Auctions are other places to find jewelry. Many auction houses have catalogs available for upcoming auctions, with photographs and descriptions of the items listed. Some auction houses also have websites that provide details of future auctions, with a list of items, along with photos and descriptions. With some, you can even bid online. Checking out the items beforehand is always a good idea, whether you do it in person, online, or via a catalog.
You might also find some rare, interesting antique jewelry at antique shops. Unless the owner has a vast knowledge of jewelry, he might not be much help. You can examine items yourself, however, and take photographs. Then you can research the items online or at your local library.
Private sales are another way to find used jewelry. Even though our local newspaper is fairly small, there are just about always ads in it for jewelry, especially for diamond rings and wedding bands.

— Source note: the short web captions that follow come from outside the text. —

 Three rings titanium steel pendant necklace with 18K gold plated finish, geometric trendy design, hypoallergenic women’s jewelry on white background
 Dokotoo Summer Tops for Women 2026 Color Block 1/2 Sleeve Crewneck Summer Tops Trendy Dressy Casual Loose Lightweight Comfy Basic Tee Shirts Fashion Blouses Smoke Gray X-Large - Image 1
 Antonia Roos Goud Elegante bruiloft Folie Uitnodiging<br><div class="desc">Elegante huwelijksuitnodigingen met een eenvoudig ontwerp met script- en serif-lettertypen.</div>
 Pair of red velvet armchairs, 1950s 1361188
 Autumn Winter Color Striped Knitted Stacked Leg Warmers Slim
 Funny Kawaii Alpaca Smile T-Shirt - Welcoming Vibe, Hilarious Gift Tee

When you’re dealing with an individual, however, you need to take special care in the quality and authenticity of the jewelry.

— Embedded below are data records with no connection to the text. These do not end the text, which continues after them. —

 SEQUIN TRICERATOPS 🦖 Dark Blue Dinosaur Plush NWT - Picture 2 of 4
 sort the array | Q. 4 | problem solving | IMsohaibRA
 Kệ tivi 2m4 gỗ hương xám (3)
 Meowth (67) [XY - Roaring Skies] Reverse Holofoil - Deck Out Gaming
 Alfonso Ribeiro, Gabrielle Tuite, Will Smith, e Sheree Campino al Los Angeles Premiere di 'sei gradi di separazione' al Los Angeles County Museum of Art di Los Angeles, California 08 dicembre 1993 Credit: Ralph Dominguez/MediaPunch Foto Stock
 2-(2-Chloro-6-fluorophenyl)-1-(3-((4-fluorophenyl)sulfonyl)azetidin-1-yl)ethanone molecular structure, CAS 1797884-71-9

Have you ever checked out pawn shop jewelry? Don’t laugh – one of my pals is a “jewelryholic,” and she’s found some beautiful old pieces of pawn shop jewelry. She didn’t pay much for most of the items she’s bought, but she had them examined by a jeweler, and they were all real gold, with real gemstones.
The best place to find antique jewelry and vintage jewelry is in online jewelry stores. You’ll find a huge selection, and the better jewelry stores give lots of details about each item. The purity of the gold, silver, or platinum is usually listed, along with the type of precious stones or semi precious stones. For vintage jewelry, the approximate year the jewelry was made, along with the period it represents, is also explained, in most cases. Keep in mind, however, that you’ll most likely pay more for items you find in online jewelry stores. On the other hand, reputable stores will provide you with lots of information on a specific item, and you can be sure the information is correct. You might find that much more comforting than buying antique jewelry from a less knowledgeable and less reputable source.
Marcy Goodfleisch from Planet Earth on January 07, 2013:
I'd love to have you along when I go to estate sales or garage sales (which I don't do that often). I never know what is a good deal, or when I am getting ripped off!
Holle Abee (author) from Georgia on January 05, 2013:
Fran, that sounds like fun! I've made a few pieces of inexpensive jewelry. Best of luck to you!
Francesca27 from Hub Page on January 05, 2013:
Thanks, I needed to learn about this stuff. I recently took a course and will be making my own jewelry from now on. You really helped me learn about the different era's jewelry history.
Holle Abee (author) from Georgia on January 05, 2013:
Hscribe, your kind words are much appreciated. Aloha to you, too!
Holle Abee (author) from Georgia on January 05, 2013:
Thanks a bunch, Doc! Always great to see you!
Stephanie Launiu from Hawai'i on January 05, 2013:
Thanks so much for this great hub! It is so thorough and fact-filled; I'll have to save it and go over it again to soak everything up. I loved all of the photos. Voted Up, awesome, beautiful, interesting, and sharing on pinterest. Aloha, Stephanie
drbj and sherry from south Florida on January 05, 2013:
'Caveat emptor' must prevail, Holle, when purchasing vintage jewelry. Thanks for providing such a complete commentary on the subject.
Holle Abee (author) from Georgia on January 04, 2013:
Carol, I don't wear a lot of jewelry, either. I have a few nice pieces of antique jewelry that I inherited, but otherwise, when I wear jewelry it's almost always turquoise. I love it!
carol stanley from Arizona on January 04, 2013:
Lots of great information on all kinds of jewelry. Loved looking at the photos of the old pieces. I wear little jewelry but love looking at it. Voting UP and Pinning.